* WORK TO COMPLETE *
From the entries that follow, reproduce exactly and only the lines from the line with "CARNADA BLACK KATLAMA DETAY STRAPLEZ CROP" to the line with "2645 Paddock Park Dr", endpoints included.

DATASET CONTENT section start

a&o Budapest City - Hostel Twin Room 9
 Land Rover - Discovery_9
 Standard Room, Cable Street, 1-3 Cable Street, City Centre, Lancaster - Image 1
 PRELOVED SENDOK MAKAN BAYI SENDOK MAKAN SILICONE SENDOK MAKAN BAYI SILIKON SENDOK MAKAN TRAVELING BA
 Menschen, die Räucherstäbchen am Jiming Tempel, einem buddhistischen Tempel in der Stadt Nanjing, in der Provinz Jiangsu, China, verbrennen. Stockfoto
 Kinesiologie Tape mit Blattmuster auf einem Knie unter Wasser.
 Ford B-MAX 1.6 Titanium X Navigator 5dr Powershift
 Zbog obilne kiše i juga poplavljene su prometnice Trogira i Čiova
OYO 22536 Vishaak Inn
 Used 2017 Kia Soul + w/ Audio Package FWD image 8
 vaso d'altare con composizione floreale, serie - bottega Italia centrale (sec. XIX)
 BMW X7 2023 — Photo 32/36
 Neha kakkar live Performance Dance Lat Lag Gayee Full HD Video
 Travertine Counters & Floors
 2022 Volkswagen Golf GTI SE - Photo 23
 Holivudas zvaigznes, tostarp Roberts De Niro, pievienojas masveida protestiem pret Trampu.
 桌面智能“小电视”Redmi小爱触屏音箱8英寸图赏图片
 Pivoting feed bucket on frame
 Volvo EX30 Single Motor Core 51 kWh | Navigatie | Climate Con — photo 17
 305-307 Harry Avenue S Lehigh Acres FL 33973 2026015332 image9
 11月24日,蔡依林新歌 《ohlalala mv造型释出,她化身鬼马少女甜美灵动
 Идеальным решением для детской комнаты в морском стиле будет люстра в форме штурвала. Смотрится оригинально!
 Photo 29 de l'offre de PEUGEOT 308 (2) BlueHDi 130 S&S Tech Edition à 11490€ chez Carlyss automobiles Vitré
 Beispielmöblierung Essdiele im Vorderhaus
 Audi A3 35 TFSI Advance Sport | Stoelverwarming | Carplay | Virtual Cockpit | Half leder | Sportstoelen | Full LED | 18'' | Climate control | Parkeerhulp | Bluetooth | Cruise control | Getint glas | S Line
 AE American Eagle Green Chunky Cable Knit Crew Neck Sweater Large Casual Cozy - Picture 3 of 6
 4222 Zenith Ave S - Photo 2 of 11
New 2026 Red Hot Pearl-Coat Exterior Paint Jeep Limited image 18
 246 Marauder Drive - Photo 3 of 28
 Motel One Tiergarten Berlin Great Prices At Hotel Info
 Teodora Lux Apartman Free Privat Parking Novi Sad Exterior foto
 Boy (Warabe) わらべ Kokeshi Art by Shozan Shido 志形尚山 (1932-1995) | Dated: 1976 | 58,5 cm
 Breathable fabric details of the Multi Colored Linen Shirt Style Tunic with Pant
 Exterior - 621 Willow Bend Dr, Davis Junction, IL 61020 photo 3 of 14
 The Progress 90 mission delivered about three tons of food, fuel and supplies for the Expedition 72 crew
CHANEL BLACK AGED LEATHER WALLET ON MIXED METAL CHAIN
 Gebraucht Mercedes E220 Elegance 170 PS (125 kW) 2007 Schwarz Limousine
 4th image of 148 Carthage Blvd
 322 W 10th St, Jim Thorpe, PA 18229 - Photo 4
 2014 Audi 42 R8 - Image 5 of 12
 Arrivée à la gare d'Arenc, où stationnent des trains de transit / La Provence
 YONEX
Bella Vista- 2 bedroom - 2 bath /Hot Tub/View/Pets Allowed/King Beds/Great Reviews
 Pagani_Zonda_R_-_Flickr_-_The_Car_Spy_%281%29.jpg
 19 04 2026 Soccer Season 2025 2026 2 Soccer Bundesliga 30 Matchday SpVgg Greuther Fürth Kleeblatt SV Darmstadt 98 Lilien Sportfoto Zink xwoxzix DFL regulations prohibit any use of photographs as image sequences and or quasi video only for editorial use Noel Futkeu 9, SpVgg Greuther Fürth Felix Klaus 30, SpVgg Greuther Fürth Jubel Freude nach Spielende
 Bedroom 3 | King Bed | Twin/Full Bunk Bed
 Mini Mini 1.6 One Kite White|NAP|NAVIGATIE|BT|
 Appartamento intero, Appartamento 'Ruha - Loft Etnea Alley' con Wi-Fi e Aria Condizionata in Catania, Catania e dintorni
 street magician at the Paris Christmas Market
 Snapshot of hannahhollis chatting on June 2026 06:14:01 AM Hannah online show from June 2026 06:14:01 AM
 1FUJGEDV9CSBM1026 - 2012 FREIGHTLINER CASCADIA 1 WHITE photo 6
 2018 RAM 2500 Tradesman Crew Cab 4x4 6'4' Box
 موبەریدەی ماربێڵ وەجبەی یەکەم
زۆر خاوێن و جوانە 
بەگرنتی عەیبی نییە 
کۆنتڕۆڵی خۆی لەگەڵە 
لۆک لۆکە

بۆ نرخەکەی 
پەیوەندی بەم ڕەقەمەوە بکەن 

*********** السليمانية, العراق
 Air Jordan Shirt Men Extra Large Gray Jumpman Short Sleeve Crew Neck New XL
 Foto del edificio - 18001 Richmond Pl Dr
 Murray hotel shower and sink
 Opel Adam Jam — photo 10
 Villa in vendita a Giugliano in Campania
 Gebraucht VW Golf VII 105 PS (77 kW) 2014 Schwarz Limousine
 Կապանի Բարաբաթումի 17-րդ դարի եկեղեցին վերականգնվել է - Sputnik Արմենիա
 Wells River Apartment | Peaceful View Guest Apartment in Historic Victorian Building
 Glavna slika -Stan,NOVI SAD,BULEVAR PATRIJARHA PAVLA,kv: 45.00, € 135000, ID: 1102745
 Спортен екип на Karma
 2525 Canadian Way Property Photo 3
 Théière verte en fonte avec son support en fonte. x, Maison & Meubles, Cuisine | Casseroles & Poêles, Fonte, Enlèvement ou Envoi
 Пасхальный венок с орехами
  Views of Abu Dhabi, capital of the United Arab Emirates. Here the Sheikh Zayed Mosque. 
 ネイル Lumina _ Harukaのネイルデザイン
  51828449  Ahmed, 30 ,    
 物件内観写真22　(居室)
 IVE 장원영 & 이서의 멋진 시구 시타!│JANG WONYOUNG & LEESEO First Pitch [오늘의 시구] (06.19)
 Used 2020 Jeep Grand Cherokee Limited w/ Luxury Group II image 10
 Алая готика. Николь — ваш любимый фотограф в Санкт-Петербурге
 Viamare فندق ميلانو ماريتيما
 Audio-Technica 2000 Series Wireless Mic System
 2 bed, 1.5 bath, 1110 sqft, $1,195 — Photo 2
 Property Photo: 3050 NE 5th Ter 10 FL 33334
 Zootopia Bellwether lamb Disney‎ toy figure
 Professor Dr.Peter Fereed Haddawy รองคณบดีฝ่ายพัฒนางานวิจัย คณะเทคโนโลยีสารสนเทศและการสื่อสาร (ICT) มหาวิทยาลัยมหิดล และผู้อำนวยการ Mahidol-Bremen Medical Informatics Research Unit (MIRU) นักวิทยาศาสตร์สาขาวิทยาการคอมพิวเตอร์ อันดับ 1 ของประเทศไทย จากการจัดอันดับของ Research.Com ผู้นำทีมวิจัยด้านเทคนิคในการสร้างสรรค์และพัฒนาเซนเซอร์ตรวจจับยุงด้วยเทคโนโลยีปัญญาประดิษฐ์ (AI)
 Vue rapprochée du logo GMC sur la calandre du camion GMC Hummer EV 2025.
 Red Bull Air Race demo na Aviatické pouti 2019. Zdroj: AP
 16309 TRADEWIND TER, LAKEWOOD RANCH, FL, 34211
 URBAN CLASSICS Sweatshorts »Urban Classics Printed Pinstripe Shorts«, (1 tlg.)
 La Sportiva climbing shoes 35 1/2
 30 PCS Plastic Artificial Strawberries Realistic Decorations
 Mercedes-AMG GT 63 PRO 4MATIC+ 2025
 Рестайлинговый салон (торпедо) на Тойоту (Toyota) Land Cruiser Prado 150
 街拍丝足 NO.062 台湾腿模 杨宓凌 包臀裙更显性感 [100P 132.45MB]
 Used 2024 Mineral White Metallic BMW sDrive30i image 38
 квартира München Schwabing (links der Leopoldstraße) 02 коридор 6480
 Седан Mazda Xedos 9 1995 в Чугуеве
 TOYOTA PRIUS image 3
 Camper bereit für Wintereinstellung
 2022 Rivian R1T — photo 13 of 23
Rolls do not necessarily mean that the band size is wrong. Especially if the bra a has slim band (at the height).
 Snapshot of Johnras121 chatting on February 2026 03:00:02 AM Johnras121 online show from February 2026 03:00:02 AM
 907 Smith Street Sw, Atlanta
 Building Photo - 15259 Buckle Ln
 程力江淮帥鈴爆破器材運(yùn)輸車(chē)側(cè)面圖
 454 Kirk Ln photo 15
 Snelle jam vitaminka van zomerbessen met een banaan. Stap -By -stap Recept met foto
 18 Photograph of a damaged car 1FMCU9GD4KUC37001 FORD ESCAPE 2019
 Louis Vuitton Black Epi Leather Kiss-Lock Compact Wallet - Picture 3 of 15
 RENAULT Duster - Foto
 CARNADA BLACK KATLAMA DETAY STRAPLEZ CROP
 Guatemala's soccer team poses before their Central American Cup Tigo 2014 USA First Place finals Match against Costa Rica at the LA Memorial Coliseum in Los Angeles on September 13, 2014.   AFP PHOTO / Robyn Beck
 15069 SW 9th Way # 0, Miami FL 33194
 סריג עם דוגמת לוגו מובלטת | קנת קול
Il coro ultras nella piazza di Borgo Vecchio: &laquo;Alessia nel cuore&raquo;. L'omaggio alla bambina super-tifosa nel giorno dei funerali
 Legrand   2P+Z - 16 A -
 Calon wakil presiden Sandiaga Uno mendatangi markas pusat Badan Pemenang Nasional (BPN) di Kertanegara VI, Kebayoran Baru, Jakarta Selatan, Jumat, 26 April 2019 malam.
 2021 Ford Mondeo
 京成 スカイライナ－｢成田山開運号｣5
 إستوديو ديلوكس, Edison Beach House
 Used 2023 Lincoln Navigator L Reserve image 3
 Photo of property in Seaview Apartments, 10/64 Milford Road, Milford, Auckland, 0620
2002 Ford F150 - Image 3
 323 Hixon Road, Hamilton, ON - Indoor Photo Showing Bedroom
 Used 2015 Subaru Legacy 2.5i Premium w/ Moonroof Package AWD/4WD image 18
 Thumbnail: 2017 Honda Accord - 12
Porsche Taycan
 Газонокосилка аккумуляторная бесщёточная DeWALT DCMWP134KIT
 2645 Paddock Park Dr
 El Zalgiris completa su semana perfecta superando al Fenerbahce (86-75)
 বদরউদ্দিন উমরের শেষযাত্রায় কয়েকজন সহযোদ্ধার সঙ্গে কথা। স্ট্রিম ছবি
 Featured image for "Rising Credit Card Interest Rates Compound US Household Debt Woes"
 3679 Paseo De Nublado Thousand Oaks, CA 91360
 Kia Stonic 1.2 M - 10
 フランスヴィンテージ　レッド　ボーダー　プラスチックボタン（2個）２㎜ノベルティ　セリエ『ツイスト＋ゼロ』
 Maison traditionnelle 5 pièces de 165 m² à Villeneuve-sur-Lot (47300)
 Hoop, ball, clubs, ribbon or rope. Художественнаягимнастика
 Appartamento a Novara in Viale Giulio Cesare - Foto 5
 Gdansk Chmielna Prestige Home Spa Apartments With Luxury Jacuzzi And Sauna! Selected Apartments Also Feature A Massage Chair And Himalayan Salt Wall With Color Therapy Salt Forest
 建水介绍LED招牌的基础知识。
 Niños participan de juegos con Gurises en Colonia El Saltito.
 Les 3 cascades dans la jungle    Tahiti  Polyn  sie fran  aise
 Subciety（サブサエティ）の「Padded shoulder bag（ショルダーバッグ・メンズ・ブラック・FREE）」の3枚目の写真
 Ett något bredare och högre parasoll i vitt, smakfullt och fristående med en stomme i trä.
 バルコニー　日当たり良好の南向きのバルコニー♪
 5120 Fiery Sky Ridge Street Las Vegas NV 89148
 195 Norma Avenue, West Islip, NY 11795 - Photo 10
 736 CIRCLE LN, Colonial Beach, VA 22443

DATASET CONTENT section end

* ANSWER TO THIS PROBLEM *
 CARNADA BLACK KATLAMA DETAY STRAPLEZ CROP
 Guatemala's soccer team poses before their Central American Cup Tigo 2014 USA First Place finals Match against Costa Rica at the LA Memorial Coliseum in Los Angeles on September 13, 2014.   AFP PHOTO / Robyn Beck
 15069 SW 9th Way # 0, Miami FL 33194
 סריג עם דוגמת לוגו מובלטת | קנת קול
Il coro ultras nella piazza di Borgo Vecchio: &laquo;Alessia nel cuore&raquo;. L'omaggio alla bambina super-tifosa nel giorno dei funerali
 Legrand   2P+Z - 16 A -
 Calon wakil presiden Sandiaga Uno mendatangi markas pusat Badan Pemenang Nasional (BPN) di Kertanegara VI, Kebayoran Baru, Jakarta Selatan, Jumat, 26 April 2019 malam.
 2021 Ford Mondeo
 京成 スカイライナ－｢成田山開運号｣5
 إستوديو ديلوكس, Edison Beach House
 Used 2023 Lincoln Navigator L Reserve image 3
 Photo of property in Seaview Apartments, 10/64 Milford Road, Milford, Auckland, 0620
2002 Ford F150 - Image 3
 323 Hixon Road, Hamilton, ON - Indoor Photo Showing Bedroom
 Used 2015 Subaru Legacy 2.5i Premium w/ Moonroof Package AWD/4WD image 18
 Thumbnail: 2017 Honda Accord - 12
Porsche Taycan
 Газонокосилка аккумуляторная бесщёточная DeWALT DCMWP134KIT
 2645 Paddock Park Dr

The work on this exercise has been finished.